By scanning for ports utilized by two systems commonly used in emergency alerts, the hacktivist says he found millions of IP addresses. He then scanned through them for a list of keywords likely to be used in such alert systems, and narrowed that down to thousands.
“I social engineered some manufacturers of these to give me either the service password or the default password, and after trying a few IPs, I was in,” he says. “I was disgusted. This is federal infrastructure, this isn’t a printer left open.”
He posted evidence on Twitter in late November showing a screen enabling him to generate EAS (Emergency Alert System) messages, including Child Abduction Emergencies, Civil Emergency Messages, or Evacuation Immediate [sic] alerts.
The hacktivist believes the system access points are available on the open internet for use by proper authorized personnel, but are easily accessible by people able to socially engineer the manufacturers of the systems.

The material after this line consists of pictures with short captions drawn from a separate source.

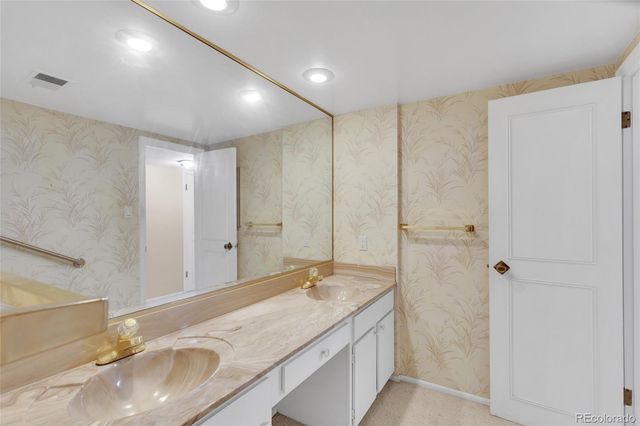 3511 S Hillcrest Drive 4, Denver, CO 80237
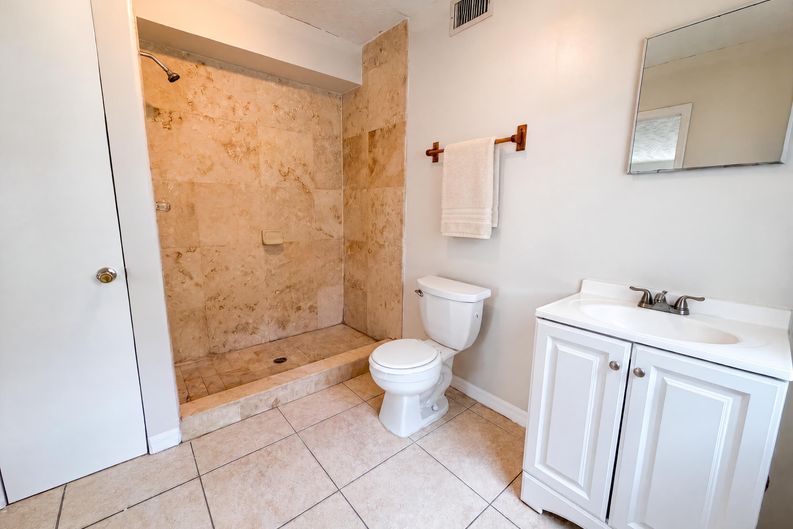 Photo 10 of 20 of 3740 Ballejo Ct W, Jacksonville, FL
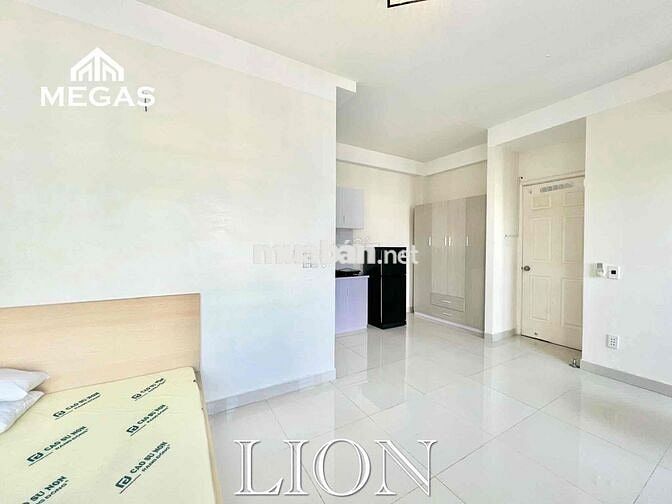 CĂN HỘ BAN CÔNG, 39m2 - GIÁ TỐT , NGAY TRẦN HƯNG ĐẠO, METRO BẾN THÀNH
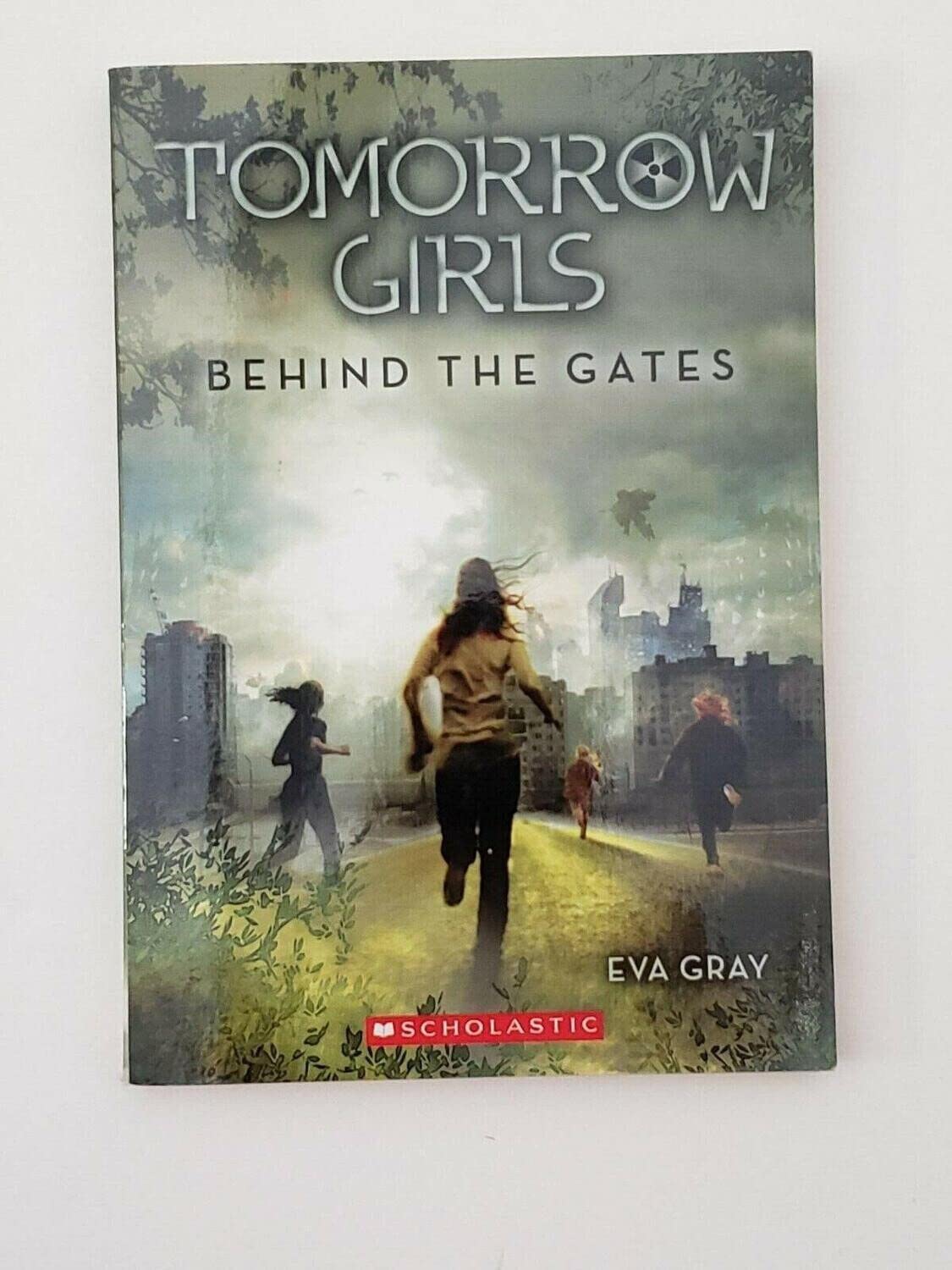 TOMORROW GIRLS: BEHIND THE GATES - 807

“You can get whatever you need to gain full access – not to all, as most are updated – but a scary majority,” he says. “This reminds me of the banking systems, they run COBOL because they are too lazy and cheap to upgrade to something more secure and we get left with very old people who know how to program COBOL working on the banking and insurance infrastructure. I think the federal government needs to set up proper training for set up and usage of these devices, and make it illegal to operate if you have not been trained.”
“In the wrong hands, this can and will only incite panic.”

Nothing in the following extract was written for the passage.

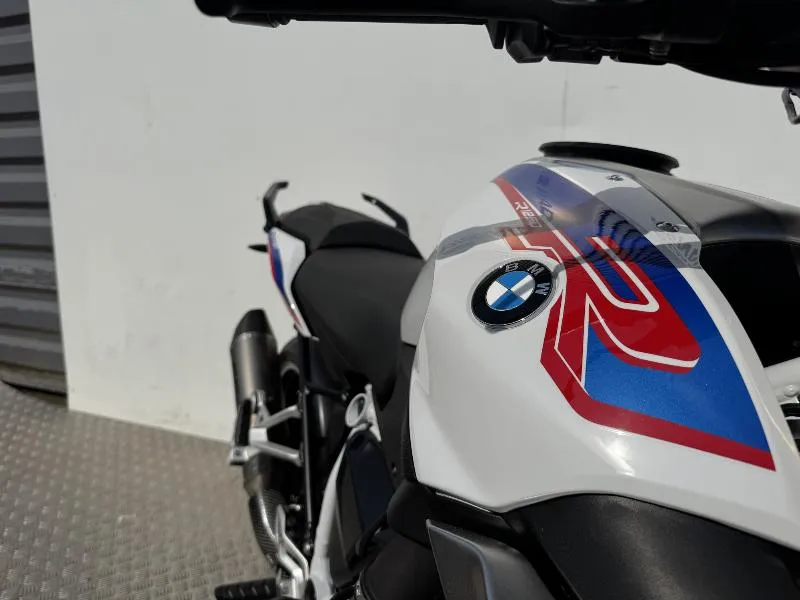 R 1200 R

Virtrux believes he could have used his access to the system to send out messages to millions of people. “Theoretically I can send anything from a volcano warning to the entire U.S. to an AMBER alert. If I really wanted, I can send out custom messages too,” he says. “As for Canada, I’m sure the same is possible: custom messages to country-wide levels of emergency.”
That could have huge implications. “In the wrong hands, this can and will only incite panic,” he says. “I wouldn’t go as far as to say the wrong message sent out can theoretically start a war but I don’t think it’s all that impossible.”

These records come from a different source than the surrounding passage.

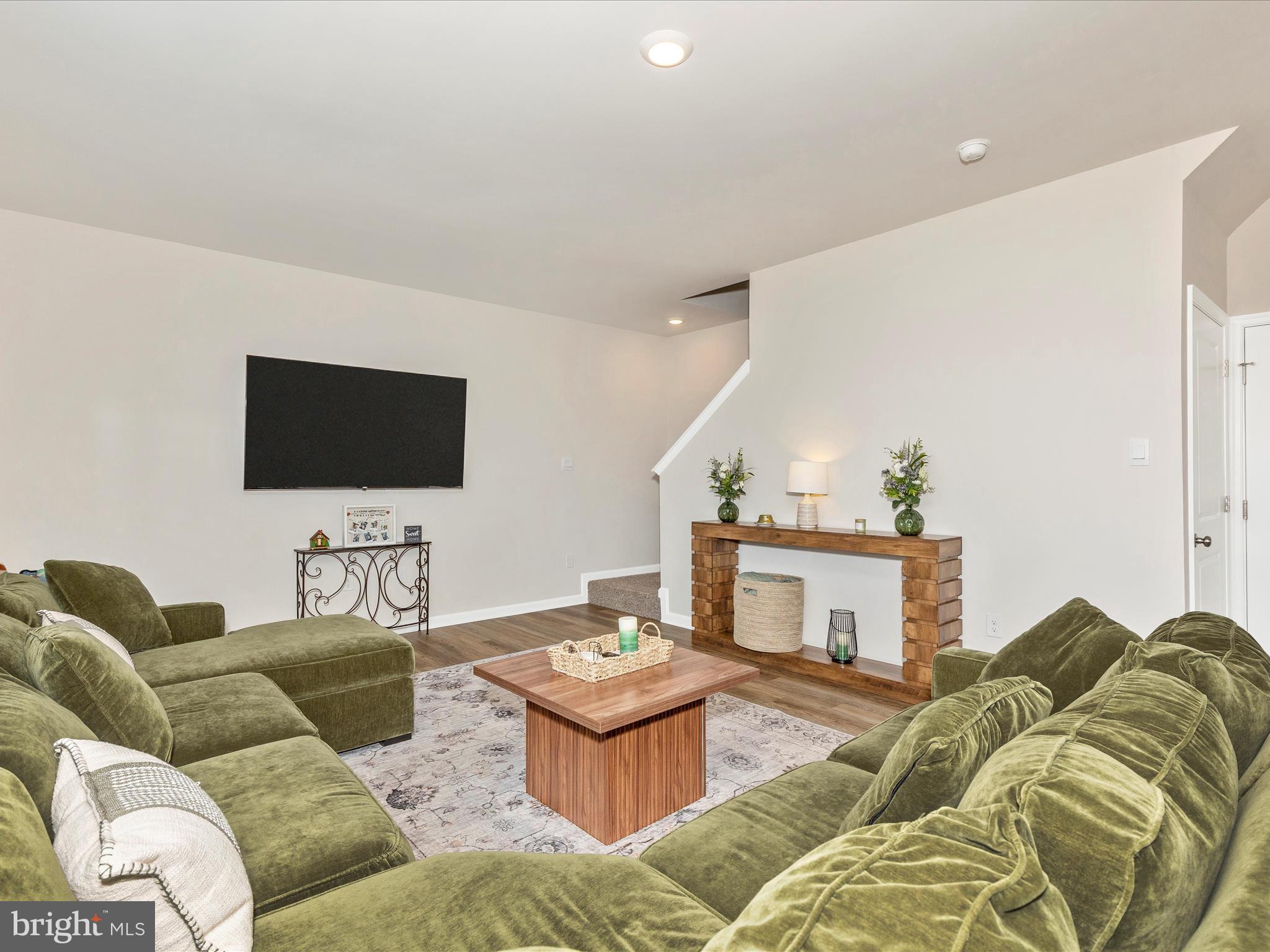 RED HILL - Residential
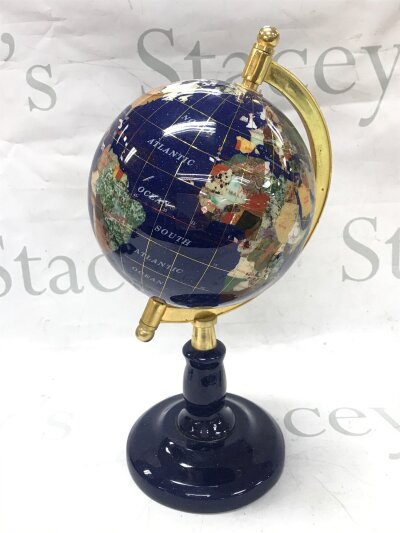 A specimen globe, 34cm tall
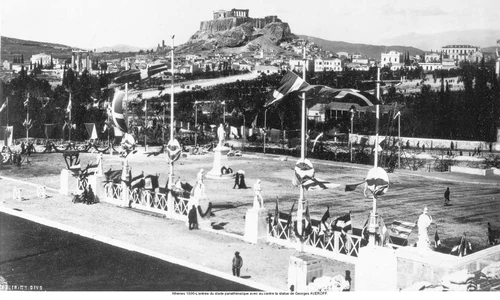 Intrarea pe stadionul Panathenaic, în timpul Jocurilor Olimpice din 1896, cu Acropola din Atena în fundal (© Wikimedia Commons)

The hacktivist has not reported the breach to the U.S. or Canadian governments, though Input approached both for comment before publication of this story. He justified not alerting both governments by saying they wouldn’t act as quickly as they would if alerted by the media. “With my previous experience on state and federal infrastructure, nothing usually gets done,” he says. “You have to jump through a million hoops for someone to take you seriously, or it takes months and months for the government to contact manufacturers, force the manufacturers to issue a warning to change all passwords immediately, and actually somehow get the owners of these machines to change the passwords.”